The atmosphere in Damascus' old city became just a little bit tenser at the start of the last week of Ramadan when Syrian army soldiers were deployed here for the first time since the revolution began in March last year. The soldiers were seemingly under orders to search various houses, especially those in which the few remaining foreigners live, and to set up checkpoints in the streets. Their deployment came a few days after a bomb attack against a passing army truck in the nearby Marjeh district, and amid rumours that opposition fighters were hiding among civilians and trying to incite members of minority groups living in the old city to side with the opposition against the regime.

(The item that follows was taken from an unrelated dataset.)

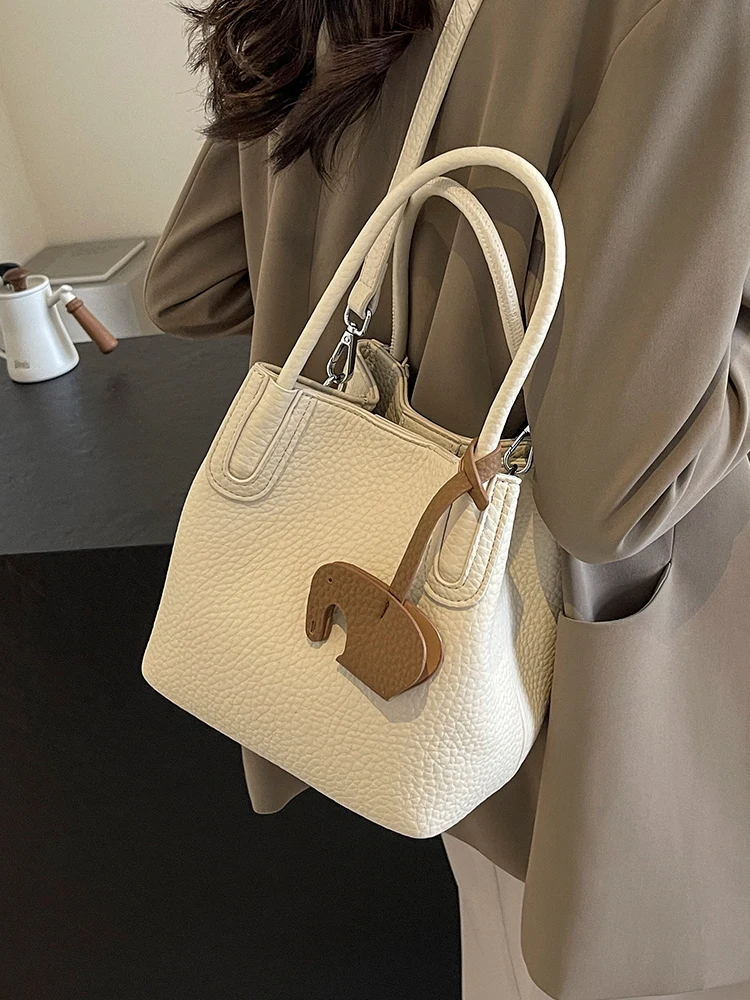 Faionable Buet Bag Women's oulder Crossbody Handbag Sli Versatile Small Size Soft PU Leather Magnetic Bule Closure
Faionable Buet Bag Women's oulder Crossbody Handbag Sli Versatile Small Size Soft PU Leather Magnetic Bule Closure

This was a development that seemed to unsettle the owner of my house -- a regime supporter, hitherto unruffled by events, who has been predicting the imminent conclusion of the crisis in the regime's favour since it began last March. Like most Syrians he is accustomed to the presence of the various government security agencies that have long kept a close eye on the country and its citizens, and is familiar with their local representatives.

At the same time, as someone who has often rented rooms to foreign students, he is also familiar with the desire of those same agencies to monitor the activities of foreign nationals. He was there to assist me when, soon after I arrived in Damascus, a security agent came to the house in order to ask me a number of routine questions about my reasons for being in the country and my activities in countries that I had previously visited, as well as seemingly less relevant topics such as my parents' respective occupations.

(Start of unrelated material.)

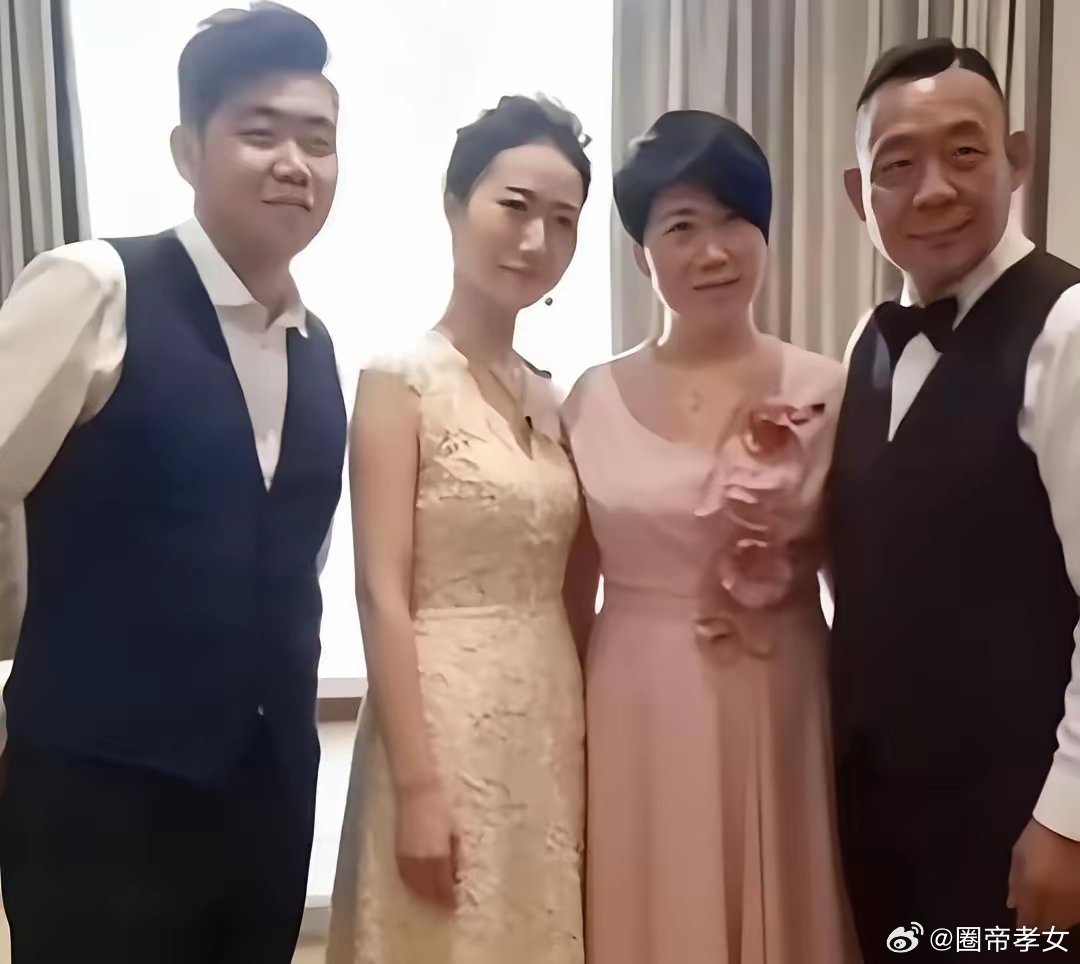 于东来夫妇与儿子于博文、儿媳在婚礼上的一张留影，婆媳俩长得非常像，儿子、儿媳平常非常低调鲜少露面照片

To have the familiar local faces of the security services replaced by uniformed soldiers, even briefly, was understandably unsettling -- a sign of the conflict slowly drawing closer to one of the few areas of the capital fortunate enough to have so far escaped its direct consequences. He was therefore anxious that I not leave the house that morning and risk an encounter with an army checkpoint, warning that while I was well-known to the local security officials, the reactions of the newly-arrived soldiers could not be so easily predicted.

The next morning I did go out and found that the soldiers were there again, their green uniforms standing out against the mostly grey colour palette of the old city's streets and buildings, and the lighter colours worn by civilians. They were mostly spread out along one of the old city's main streets, but were also maintaining a presence in Bab Touma Square and at the beginning of the neighbouring suburb of Qassaa.

They seemed relaxed and in fairly good humour, and were mostly to be seen leaning against walls or their vehicles nursing their Kalashnikovs and calmly watching passers-by. Some were chatting amiably with locals in side streets, and I saw one young soldier strolling along the street nonchalantly carrying an RPG launcher.

Some of them seemed unfamiliar with the area, though: I saw a couple of soldiers stop a passing pair of girls to ask them which exact quarter of the old city they were in. The next day they were gone, and the old city passed what remained of the last week of Ramadan in its usual state of relative calm, watched over by plain-clothes security officers and punctuated by the sounds of violence in other suburbs.